So, sitting in a taxi (it cost about £3 for a 20 minute ride which we thought was quite reasonable) we made sure we sat in the back. We were armed with our little card that told the taxi driver where our hotel was (I think the print was quite small as one driver got out and read the card by headlight while another used a magnifying glass). Surprisingly, in what felt like a very safe city, the drivers were surrounded by a perspex shield. Congestion is a major problem - there are cars everywhere - possibly a major contribution to the pollution. On sunny days the sky is pale grey (I now know why when I hosted a group of Asians in NZ they commented more on the blue sky than on the activities we had organised for them - I was a bit put out at the time!). There are motorways galore, and many more being built. Once out of the city the roads aren't quite as badly congested, but there are many toll roads and along the roadside endless advertisement boards (even houses have ground to roof advertisements on walls facing the roads). The young man from Birmingham travelling with us on one of the tours aptly described travelling by saying 'the trip had just about done my head in'. Along the roads are many houses - in fact you never quite feel you are in the country despite the market gardens. If you lived there you would be surrounded by roads and/or power pylons. And finally there are the barges that go up and down the river and canal all day and night carrying dirt which is probably to and from construction sights. At night, they have one navigation light and they creep along quite mysteriously against the bright lights of the rest of the city.

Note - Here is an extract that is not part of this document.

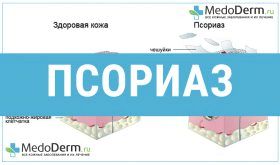 як вилікувати псоріаз на руці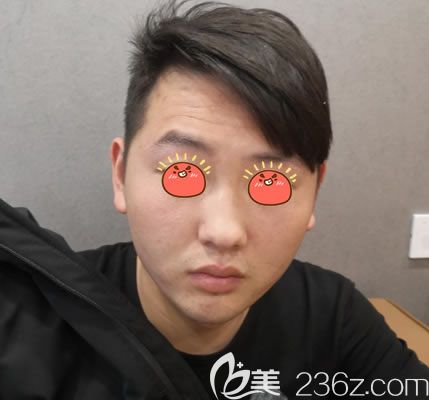 杭州美萊做自體脂肪填充面部前 杭州美萊做自體脂肪填充面部前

Harry was fascinated by the cars - many black and expensive (except for the taxis which were mainly green, red or gold). Many of the cars are replicas. A manufacturer Jin Bai made vans that looked like old Mitsubishi L300 and Toyota Hiace and apart from having a new nose cone quite clearly (but unfortunately not to me) were replicas. The Geely Rolls Royce clone looks similar to a Rolls Royce even down to the details on the grill. We were lucky enough (for Harry anyway) to be in Shanghai at the same time as the international motor show. So, he joined half of Shanghai one day to look at models which were attractively displayed (woman draped over cars, acrobats, opera singers, dancers performing around the cars, loud sound systems). Harry would have preferred the cars with none of the trimmings or entertainment, yeah right! There were 10 halls of cars and 8 halls of parts manufacturers - a Hazzy delight! For lunch, I am sorry to say, Harry resorted to McDonalds - yes in Shanghai!! The show didn't apparently have many food stalls and he thought McDonalds looked the safest - he was probably right. Anyway, enough about lunch and more about the cars at the show. Some of you may be able to tell by the photos below that some of the cars are clearly copies and that the finish is an improvement over some of the earlier Chinese efforts but Harry wondered what they would be like in an accident - he isn't convinced that the Chinese use the best safety techniques or materials (eg high tensile steel) compared to the rest of the world. His theory may have been proved by the article I read about March traffic accidents in Shanghai.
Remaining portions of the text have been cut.